Donc, nous savons que la kétanserine bloque la sérotonine, et que la prise de kétanserine a bloqué les effets de l’acide. Cela prouve que de nombreux effets du LSD sont causés par la façon dont la drogue interagit avec la sérotonine, selon Adam Halberstadt, professeur de psychiatrie à l’Université de Californie à San Diego, qui n’a pas participé à l’étude. Nous ne le savions pas auparavant, car la plupart des études sur le LSD sont réalisées sur des animaux, ajoute M. Preller. Des études antérieures sur les animaux ont suggéré qu’un récepteur cérébral différent, qui affecte la dopamine, pourrait être responsable des effets du LSD.
Et n’oubliez pas que l’équipe de Preller a effectué des scanners cérébraux de tous les participants. Leurs scans ont montré quelles parties du cerveau “s’allument”, ou sont actives, lorsque les gens écoutent des choses qu’ils trouvent significatives. Dans ce cas, la zone active était un ensemble de structures appelées structures corticales médianes. C’est logique, car nous savions déjà que cette zone joue un rôle dans la création de l’identité et du sentiment de soi. Ensuite, Preller veut étudier si nous pouvons obtenir le même effet lorsque les gens sont confrontés à des images significatives ou au toucher au lieu du son.

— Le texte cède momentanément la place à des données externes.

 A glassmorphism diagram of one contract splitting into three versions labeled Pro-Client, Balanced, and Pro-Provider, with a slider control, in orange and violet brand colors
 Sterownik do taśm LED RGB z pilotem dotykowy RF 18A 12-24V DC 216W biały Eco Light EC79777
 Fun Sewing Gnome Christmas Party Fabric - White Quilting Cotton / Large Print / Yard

Nous savons donc comment le LSD crée du sens. Mais pourquoi les trips durent-ils si longtemps ? Dans une deuxième étude publiée dans Cell, des scientifiques dirigés par John McCorvy et Daniel Wacker de l’Université de Caroline du Nord à Chapel Hill ont décidé d’étudier cette question. Ils ont pris des images de la façon dont le LSD se lie à divers récepteurs de la sérotonine – y compris le récepteur de l’étude de Preller. “Ce que nous avons vu, c’est que le récepteur a un peu la forme d’un vase, avec un espace au milieu où le LSD se lie et un couvercle au-dessus”, explique Wacker. “Le LSD a cette propriété unique de s’accrocher au couvercle. Pour de nombreux autres composés, comme la sérotonine, le couvercle reste plutôt souple. Comme le LSD s’y accroche, il y reste vraiment.” Comme le LSD s’accroche, les effets durent longtemps.

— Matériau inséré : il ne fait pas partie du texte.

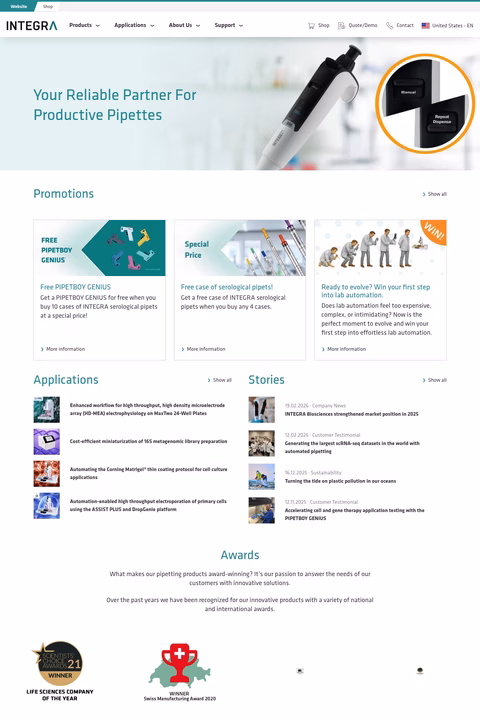 Integra-Biosciences Homepage 1440px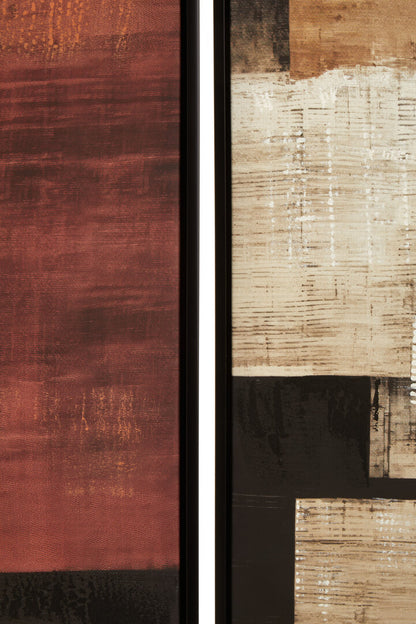 Abstract Wall Art-Framed Canvas Set of 2-92X62CM-Earth Tones-Modern Home Decor-Velvet & Vigor 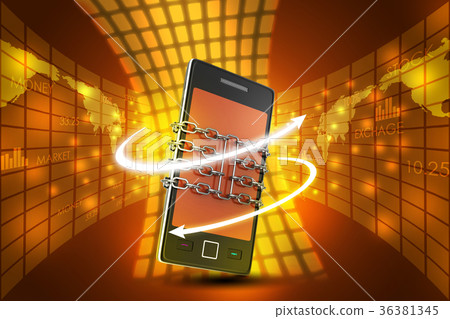 Smart phone with chain, safety concept Smart phone with chain, safety concept 36381345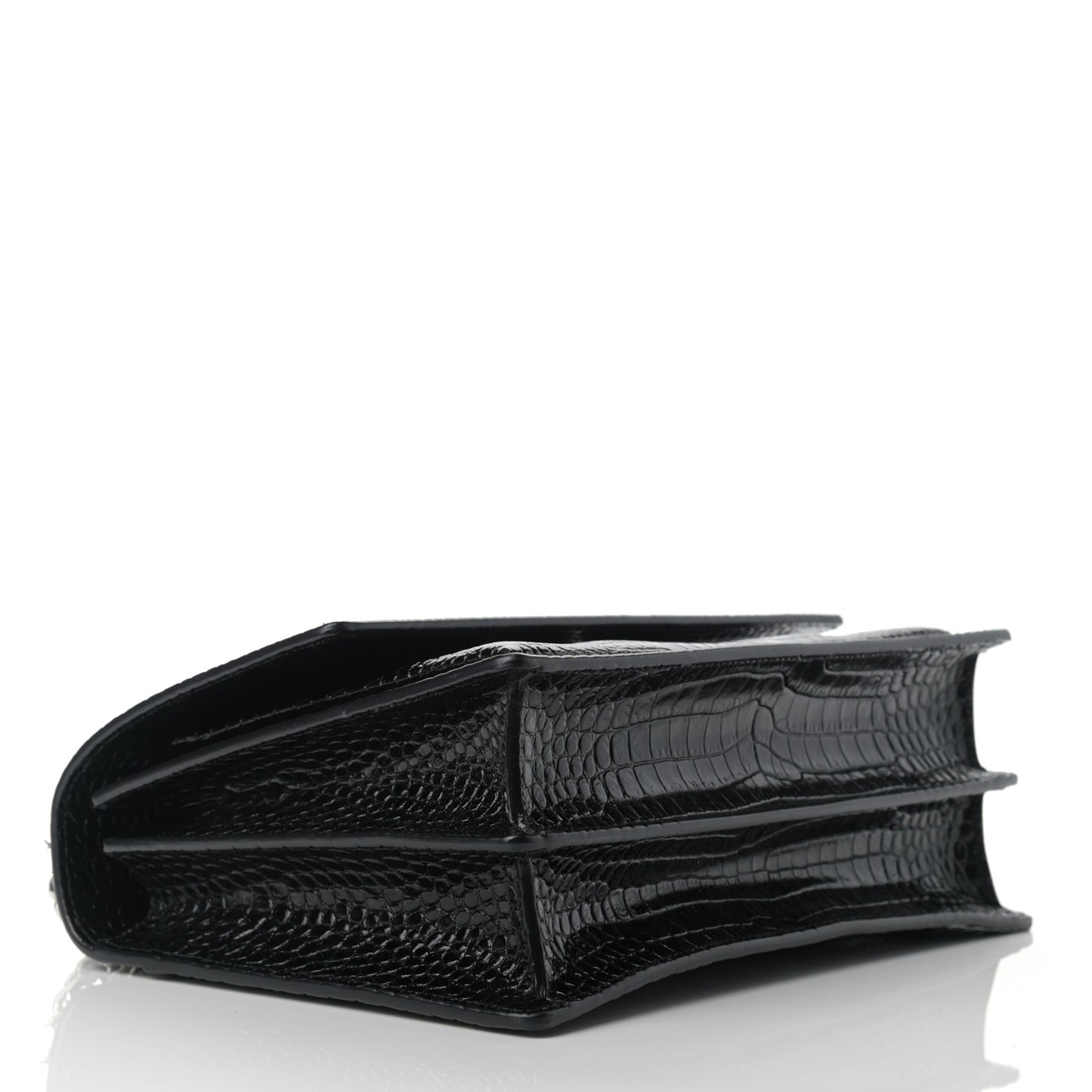 Calfskin Crocodile Embossed Large Monogram Sunset Black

L’équipe a également testé une version mutée du LSD qui ne se fixait pas aussi soigneusement au couvercle. “L’hypothèse était que ce couvercle garde le LSD à l’intérieur pendant une longue période, et pour une mutation, nous avons constaté que le LSD s’allume plus rapidement, mais qu’il part aussi plus rapidement”, explique McCorvy. Donc, ce LSD muté se fixe toujours, mais le voyage commence et se termine probablement plus rapidement. Wacker et McCorvy précisent qu’ils ne préconisent pas personnellement la prise de LSD, mais qu’ils sont tous deux intéressés par l’utilité de recherches supplémentaires sur cette drogue. “Par exemple, le LSD a stimulé l’intérêt pour la sérotonine pour des raisons de santé mentale au cours des dernières décennies”, explique McCorvy. “En l’utilisant comme composé, nous pouvons en fait générer de nouveaux composés à l’avenir, et tout commence avec quelque chose qui a été découvert et utilisé de manière récréative.”